4位はコモド・ドラゴン・ペッパーで、スコヴィル値の上限値はキャロライナ・リーパー同様220万スコヴィルとなっています。
5位は200万スコヴィルのトリニダード・モルガ・スコーピオンで、サソリの毒針のように尖った尻尾が特徴です。
唐辛子は人間でも好みが分かれるぐらい辛い食品です。唐辛子が辛くなったのはカビや虫に食べられないようにするためです。辛味の強い唐辛子と辛味の弱い唐辛子の木を2つ並べておいた場合、辛味の強い唐辛子の方が虫に食べられる部分が少なかったという実験結果があります。唐辛子の成分であるカプサイシンがその役割を果たしているのです。
しかし、このように尋常ではない辛さでは、植物としての繁殖が難しいのではないかと疑問を感じます。
実は、哺乳類にはカプサイシンを受容できる構造がありますが、鳥類にはそれがありません。つまり、鳥類は辛いと感じることがないので、普通の食物のように食べてフンを落とすことで繁殖させることができるのです。加えて、この辛さがあることで哺乳類に食べられることもなく繁殖できます。
唐辛子の尋常ではない辛さは虫から守るため、そして鳥類に運んでもらい繁殖させるためのものだったのです。

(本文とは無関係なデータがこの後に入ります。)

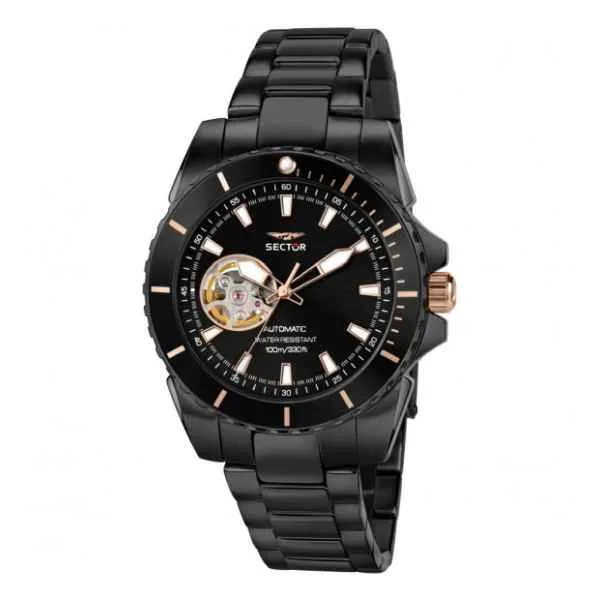 Sector Orologio Uomo Solo Tempo R3223276002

激辛料理が人気になる理由のひとつは、脳内に分泌されるアドレナリンにより気分が高まり、エンドルフィンによりリラックスできるからです。その激辛料理の主役は香辛料です。これは植物の葉・花・茎が使われるハーブと、それ以外が使われるスパイスに分かれます。
香辛料は最近登場したものではなく、紀元前3000年頃に黒胡椒などが登場したという記録が残るほど歴史のあるものです。中でも辛いのが唐辛子で、危険なまでの新種が開発されています。この唐辛子が絶滅しないのは、辛味成分であるカプサイシンを感じない鳥によって種子が運ばれ、辛さを感じる哺乳類に食べられることなく繁殖できたからです。
哺乳類の中で唯一、ヒトだけがカプサイシンの辛さに病みつきになっているのです。